An Interview with French Food at Home’s Laura Calder: Part II

KS: What was the first meal you remember eating?

LC: Fried potato skins.  My mother used to bake potato skins, and these are organic of course, they have to be.  You eat your potato flesh and then you have the skin.  She used to fry that with butter and it was absolutely delicious.

KS: What would be your death row dinner?

LC: Oh boy, I don’t think I’d be able to eat frankly, but… I think it would have to be something family-orientated, one of my mother’s soups.  My mother’s very good at, you know, hearty kinds of soups, so something like fish chowder or a beef stew.  Maybe a big beef stew.

KS: What food reminds you of your grandmother?

LC: Baked beans, baked homemade bread, biscuits and that kind of thing, and definitely all the fish chowder and corn chowder and beef stew with dumplings in it.  English cakes, you know, those English cookies with the thumbprint and the jam in them.

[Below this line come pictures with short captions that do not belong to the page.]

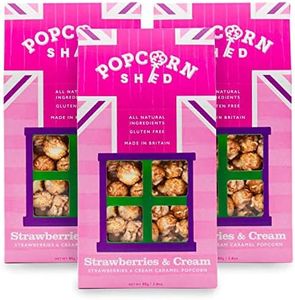 Popcorn Shed Strawberries & Cream Gourmet Popcorn Sheds, 3 x 80g Gift Boxes, Gluten Free, Natural, Vegetarian Movie Night Snack, Pink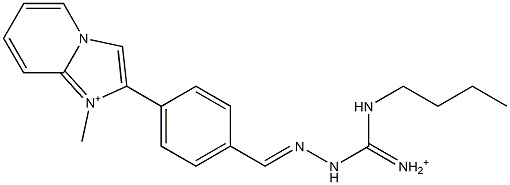 2-[4-[2-[Iminio(butylamino)methyl]hydrazonomethyl]phenyl]-1-methylimidazo[1,2-a]pyridin-1-ium Struktur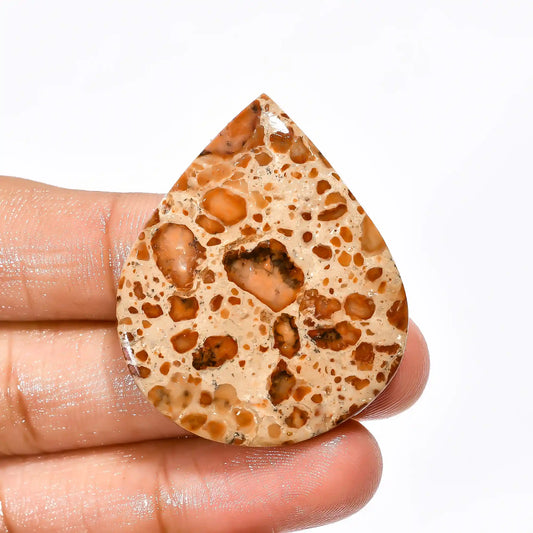 Asteroid Jasper Pear Shape Cabochon Loose Gemstone Natural 53 Ct. 40X33X5 mm V-1997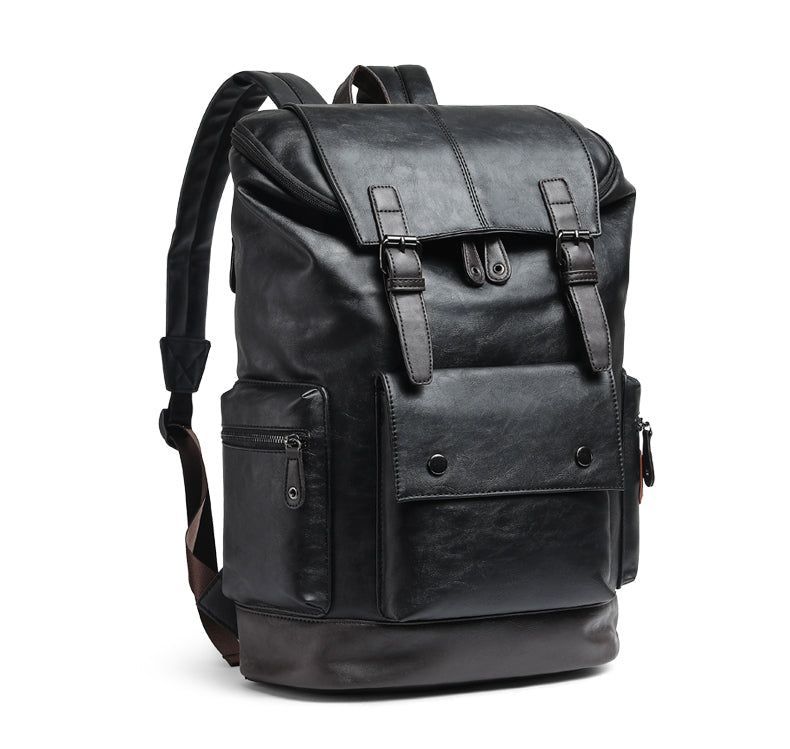 Black Pu Leather Cool Backpack For Men&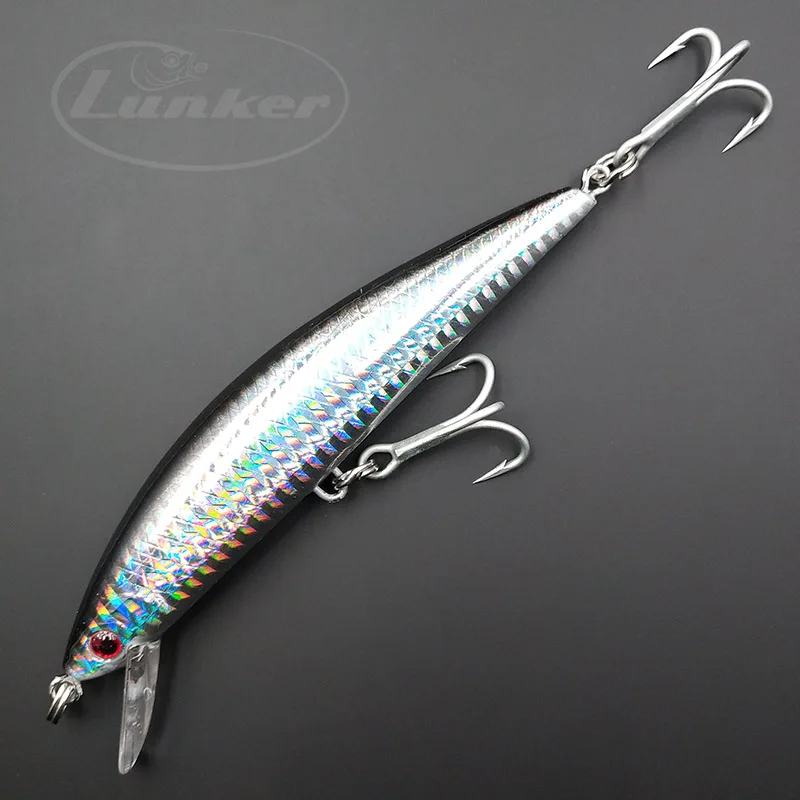 Lunker Тонущий большой гольян 40 г 13 см Жесткая приманка для морской рыбалки Крючок для приманки Морской окунь Скумбрия Barracuda GT Fish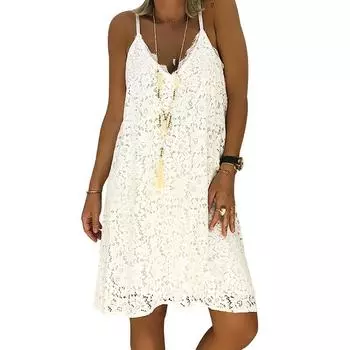 Модное женское кружевное платье больших размеров, женское летнее повседневное пляжное платье с темпераментом S чёрный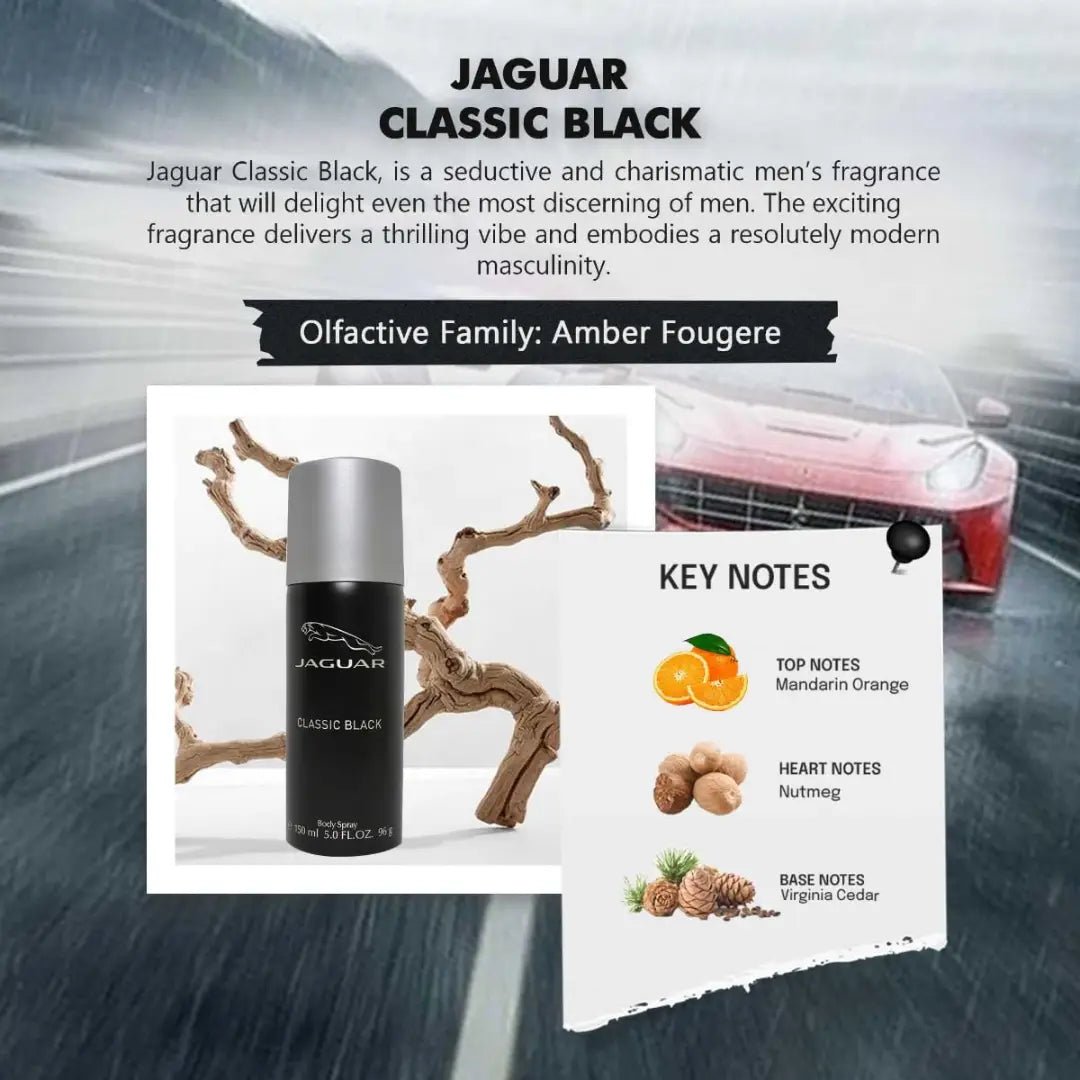 ju1 - JAGUAR Classic Black Deodorant Spray - For Men (150 ml) - Looknstyle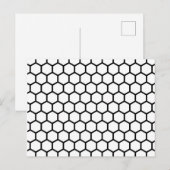 Zwarte lijn Honeycomb bijenkast Hexagonal Patroon Briefkaart (Voorkant / Achterkant)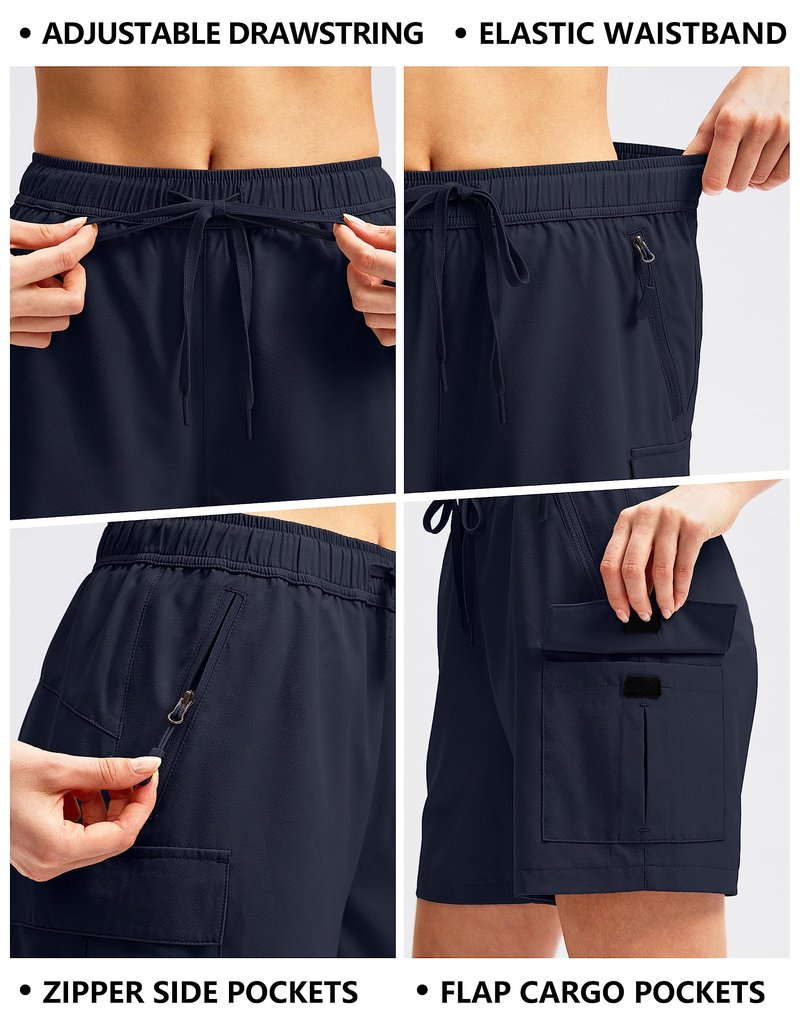 SANTINY Women's 5''/ 7'' Hiking Cargo Shorts Quick Dry Lightweight Summer Shorts for Women Athletic Golf Zipper Pockets(Navy_S)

KS: What do you make when you are in love?

LC: I make everything, I cook like crazy, and preferably with the person I’m in love with.  Cook like a demon and eat it.  You work up appetite for another round.

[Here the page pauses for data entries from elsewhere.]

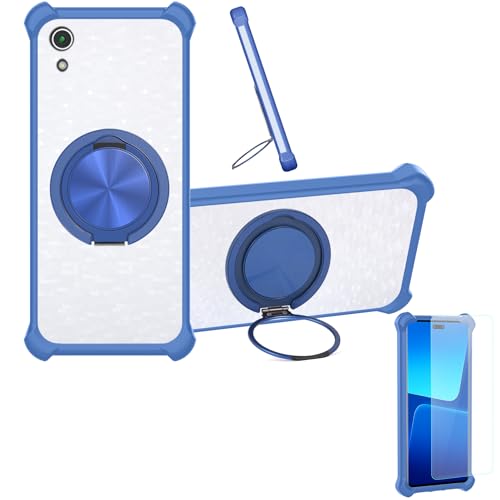 jioeuinly Case Compatible for Sony Xperia Z3 Phone Case Cover [with 1* Tempered Glass Screen Protector] Hybrid Case[360°Ring Support, Magnetic] CX-05-LAN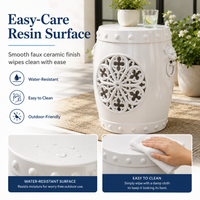 MINDYES 3-in-1 Faux Ceramic Garden Stool, Indoor Outdoor Furniture with Storage & Side Table, Home Collection for Patio Garden, White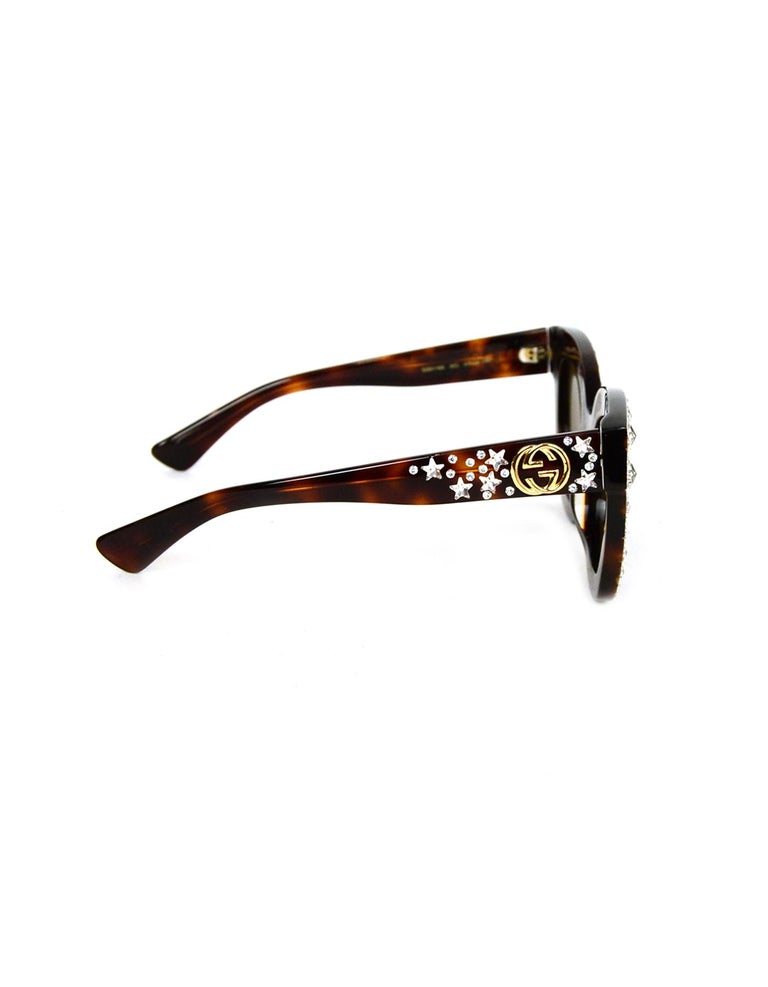 Gucci Brown Tortoise Cat Eye Acetate Sunglasses W Crystal Stars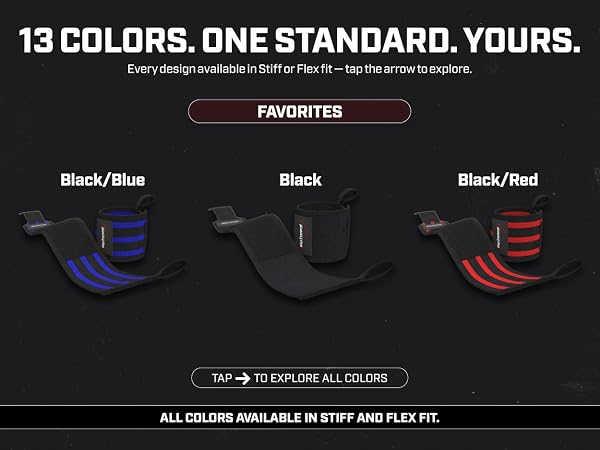 Rip Toned wrist wraps in 13 colors - stripes camo floral USA flag available stiff or flex fit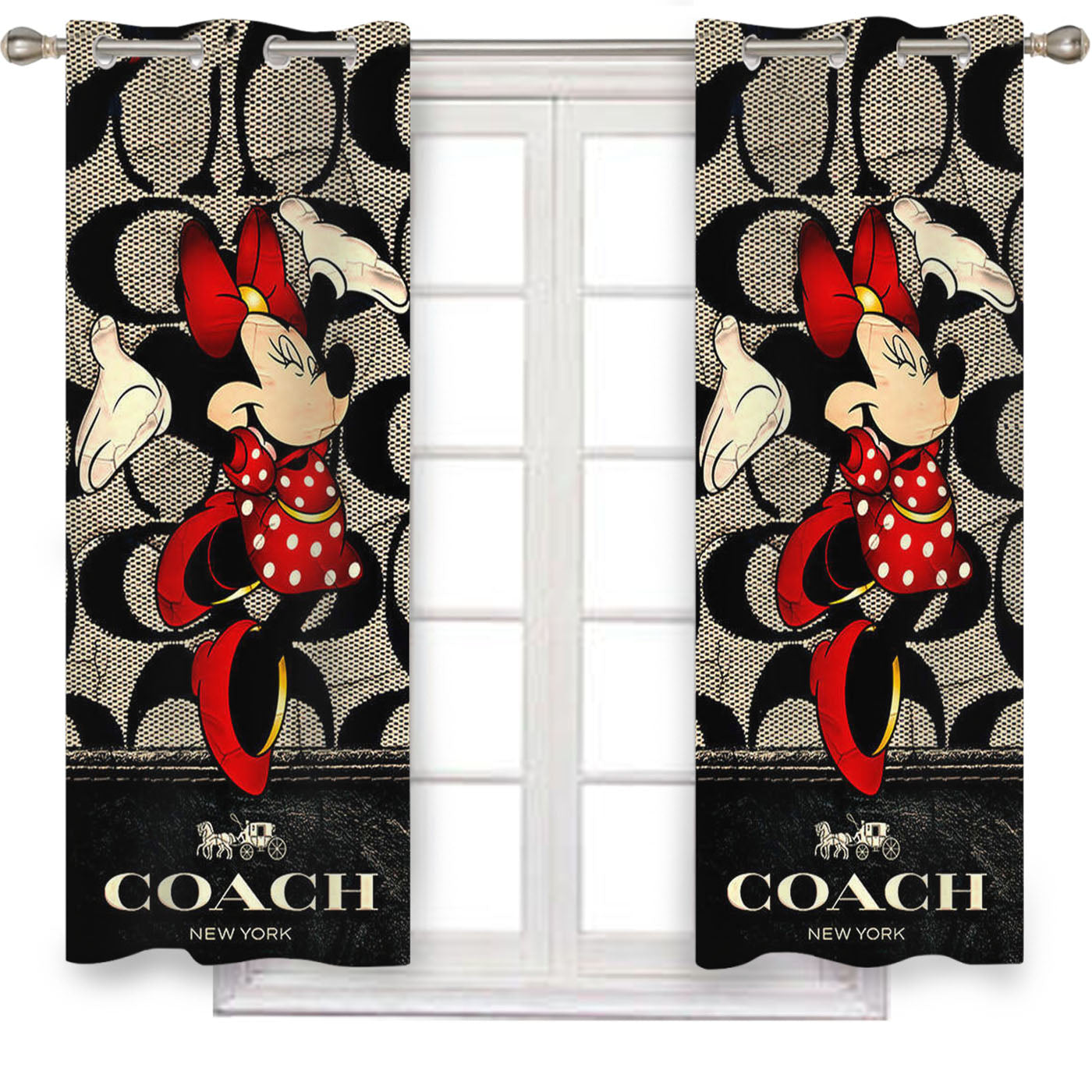Happy Coach Minnie Mouse Happy Window Curtains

KS: And what about when you’re out of love?

LC: The way I cook on the show is the way I cook for myself.  I don’t cook differently for me than I do for when people are coming over.  I cook, I don’t cook for other people.  I cook for me and whoever gets to eat.

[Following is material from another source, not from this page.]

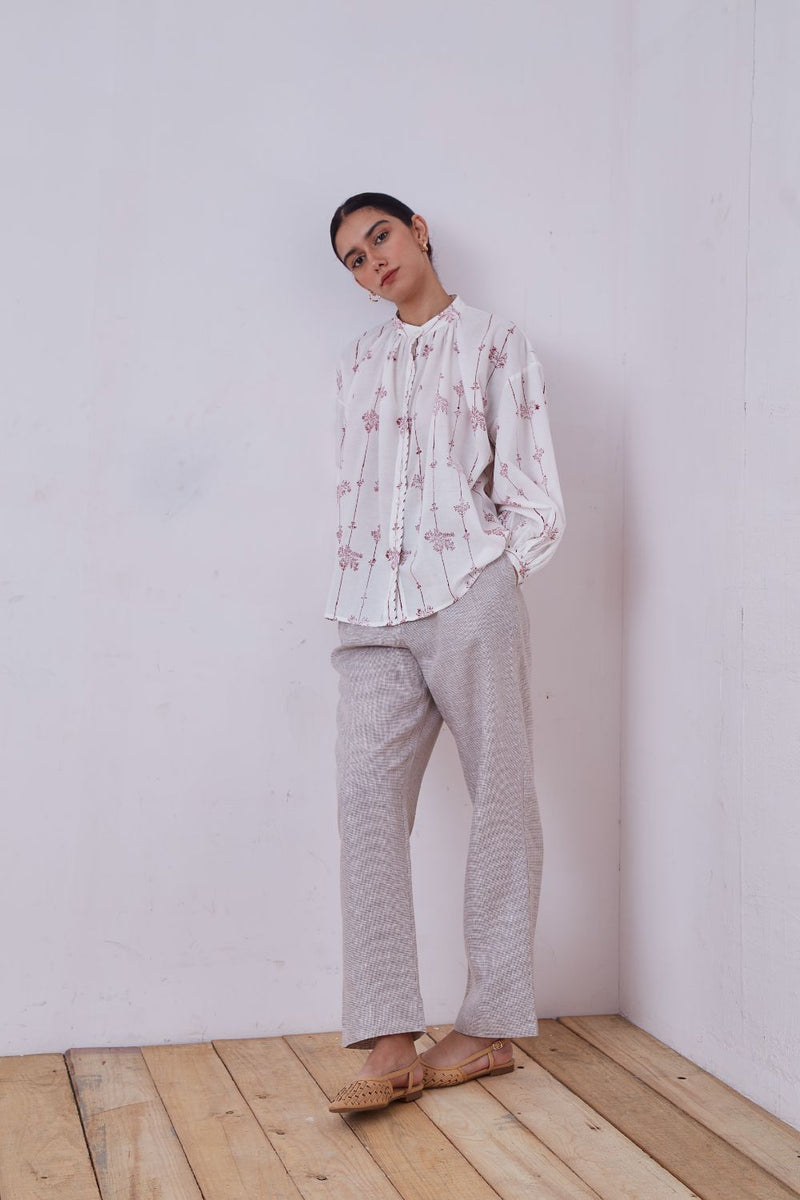 Kesar Red Hand Printed Top cotton cambric top/shirt by The Summer House for women in Singapore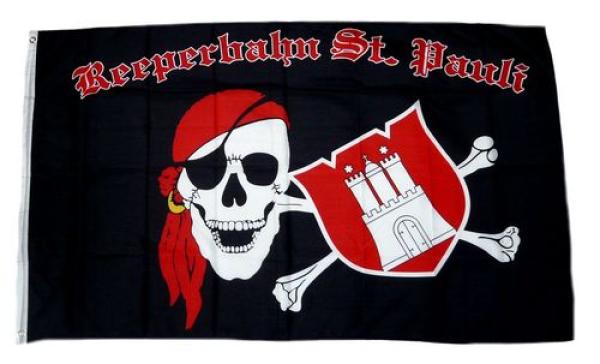 Fahne / Flagge St. Pauli Reeperbahn 90 x 150 cm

KS: If there were a dish that was made à la Calder, what would be the recipe, something that’s signature you?

LC: Oh well there would definitely be orange and lemon zest in it.  Because people are always joking they know when I’ve been in their house because there’s not a skin left on an orange in the house.  I’m always running around with a zester putting it on everything.  So that’s kind of a touch.  And then anything that I serve, [it’s by] putting a big platter on the table.  If I can put it on a platter on the table, I do, and even if I have individually portioned things, like say a little pot de crème, I put them all on one platter and then put them out.  I can’t stand the little individual things.  It drives me nuts.

KS: The last question, what is your favourite restaurant in Paris?

LC: Actually, I don’t eat out very much at all.  I always used to say my preference is to go eat at someone’s house in Paris.